The car will see some street time, so a completely filled block is out of the question, and so is an R3 block due to $$$. I don't want to be sitting at home on a hot day because I can't cruise my car down to the car nights at the local spots. Don't care if it won't last 80K miles so spare me that argument of the block not lasting at this point. Not being a jerk, I'm just not whiping my butt with 20 dollar bills.

Questions are this:

High flowing race heads for the SB Chrysler's are what?

What heads would you run? I'm looking for at LEAST 200CC intake volume.

What inch would you run? 408? 434? Something else?

I'll call the cam and converter companies when the time comes for them, but I'm wanting a rough idea of the basic components.
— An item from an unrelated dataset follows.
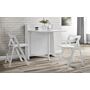 Helsinki Compact Folding White Dining Set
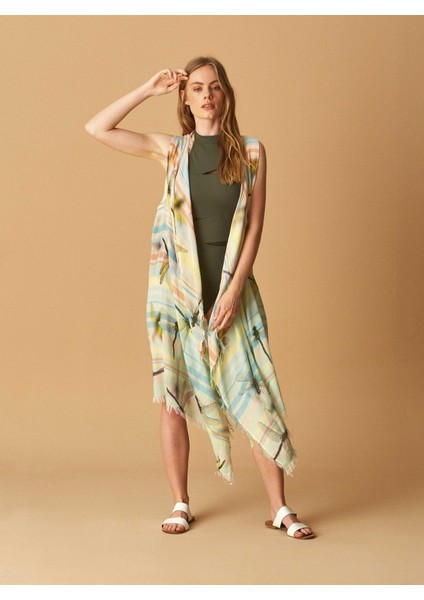 Yusufçuk Desenli Kadın Şal Standart Renk Y1884304_089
I won't be skimping on the fuel system as I'm playing with nitrous again, and we all know that's where the problem starts when playing with the sauce.

Thanks for the input fellas,

Dustin
 
Ok we need to know how much hp you want and what you want the rpm's to be. You could make over 1,000hp with a nicly ported W9, 416cubic inch and N20. This is extreme example but you need to have some hp goals for us to go on. Also how many inches of vacuum do you need at idle and what rpm's do you need to idle at?
 
That's alittle over 700 hp at the crank. I would go with the biggest stroke that will fit and the best rods you can buy like oliver or you could go to Manleys pro I beam which are cheaper(1200 bucks). Also you can go with chevy rod journals and get some Howard billet rods for cheaper yet and the extra clearance will go along way when you have the grinder out clearancing the block. Pistons with probably be custom ones since the stroke is not all that common, Ross or CP can hook you up for around 700 bucks(don't forget the Howard rods are chevy size wrist pins). I wouldn't go W9 because they cost way too much to make them work and good luck finding headers that are under chassis. A nicely ported set of W2's can get you in the 550+range with a small roller cam plus you can still drive it around town. The rest of the power will have to be from N20. For the money I would just build the best bottom end you can, put a small roller cam and port your stock heads and use the N20 for the rest of the power. Either way I'm still not sure if the 4 head bolts per cylinder will take that much power.
 
Mopars are new to me. I lay'd down 530 rwhp on a little 306 Ford with a smallish 200 hit in the sauce. The cam was in the .570 lift range and duration at .050 was around .242 or so. It's been a few years for me. I was thinking something similar for a cam for this, a stall speed around 3600, tighter around 2800 if I spray it a lot (300+).

Your saying with my work'd X Heads I should be able to get that out of this or just get some W2's and start porting?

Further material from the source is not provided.